Review by Willard Manus

Just about everything you ever wanted to know about southern writers and writing is contained in LSU Press' brand-new 1000-page reference book, THE COMPANION TO SOUTHERN LITERATURE: THEMES, GENRES, PLACES, PEOPLE, MOVEMENTS AND MOTIFS. More than 250 scholars and authors contributed 500 concise, knowledgable articles on topics ranging from Abolition to Yonapatawpha.

Edited by Joseph M. Flora and Lucinda H. MacKethan, THE COMPANION can also be read as a history text. As the editors say in their introduction, "Historical events and figures--and there are many, for here is a region deeply, if ambivalently, protective of its historical identity--have been chosen for their enactment within and their impact upon the literature."

Explored are the literary embodiments of the Old South, New South, Solid South, Savage South, Lazy South and "Sahara of the Bozart." The entries delve into every conceivable topic found in southern writing from the pre-Columbian era to the present. LSU Press bills the book as "the equivalent of 9 hours of college credit."

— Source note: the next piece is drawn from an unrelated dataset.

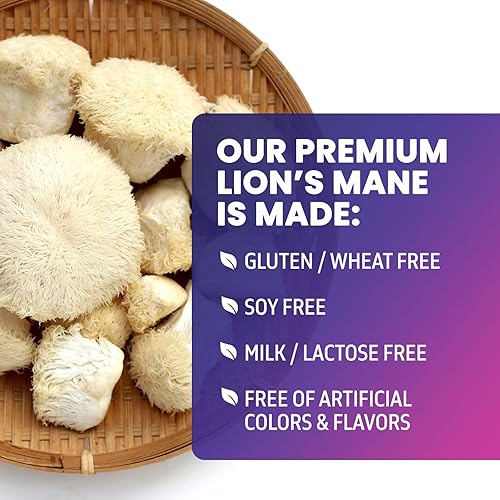 Miniatura 7 de Cápsulas de hongos de melena de león de 10,000 mg - Cápsulas de suplemento de melena de león para apoyo de memoria y enfoque, cerebro, apoyo a la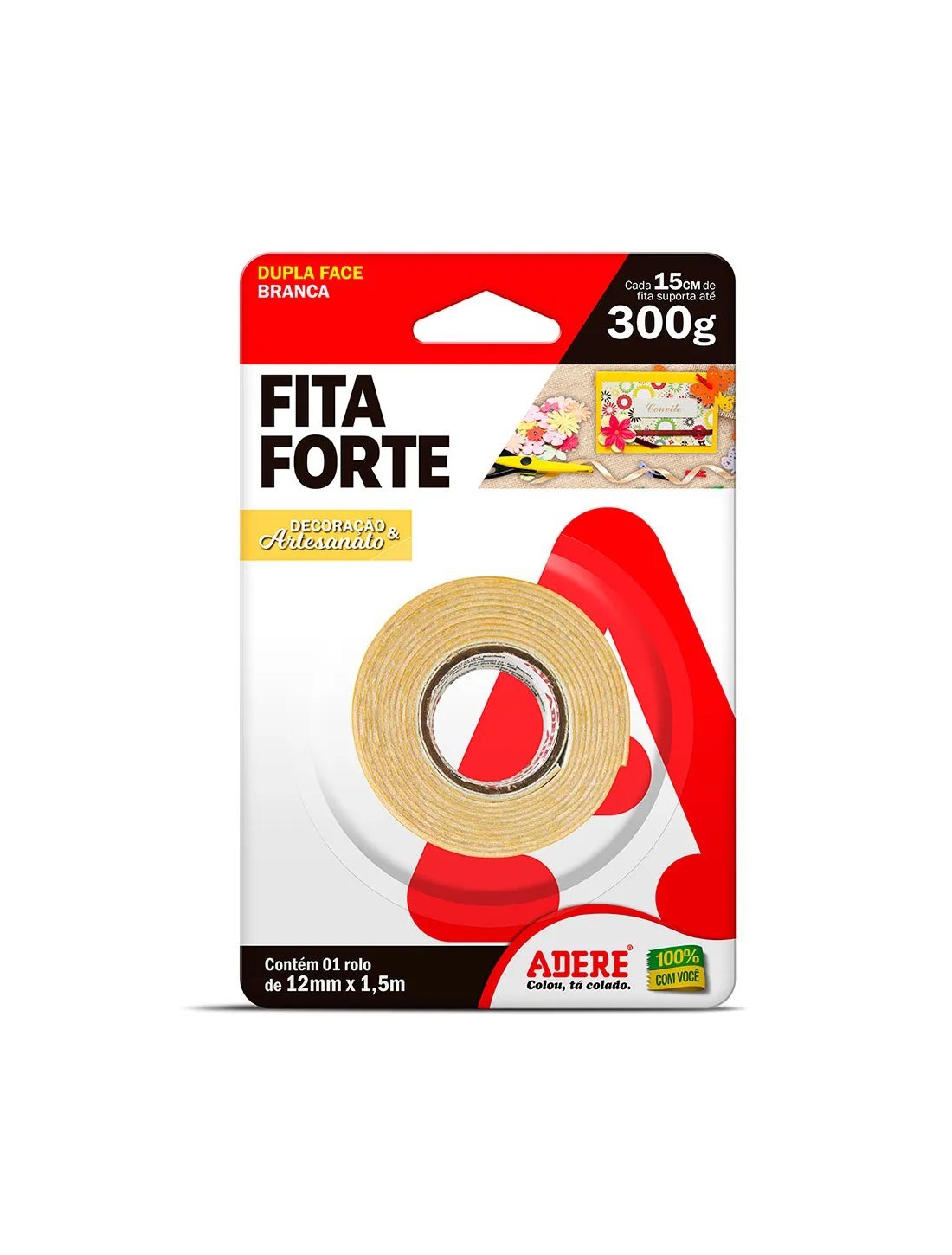 Fita Dupla Face Espuma 12mmx1.5m 285s Suporta 300g Adere 12mmx1.5m - 1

THE COMPANION does not shy away from controversial subjects, either.
The entry on Chattel Slavery, for example, covers four pages and was written by Randall M. Miller, an African-American scholar who teaches at Saint Joseph University. He concludes his entry with this statement: "By the 1990s, southern writers had stripped any romantic gloss from the plantation legend and revealed the base metal of chattel slavery below. The reliance on African American oral traditions, and even a return to dialect, ensured a black voice in the literature, and stories of physical flight from bondage while remaining trapped by the possibility of betrayal, as in Toni Morrison's Beloved (1987), reiterated African American themes dating back to the days of chattel slavery. Nobility was inverted from the old days, too, with black heroines and heroes leading the way to freedom and truth and white masters crippled by racism and their own past. In serious literary representations anyway, chattel slavery had been turned upside down."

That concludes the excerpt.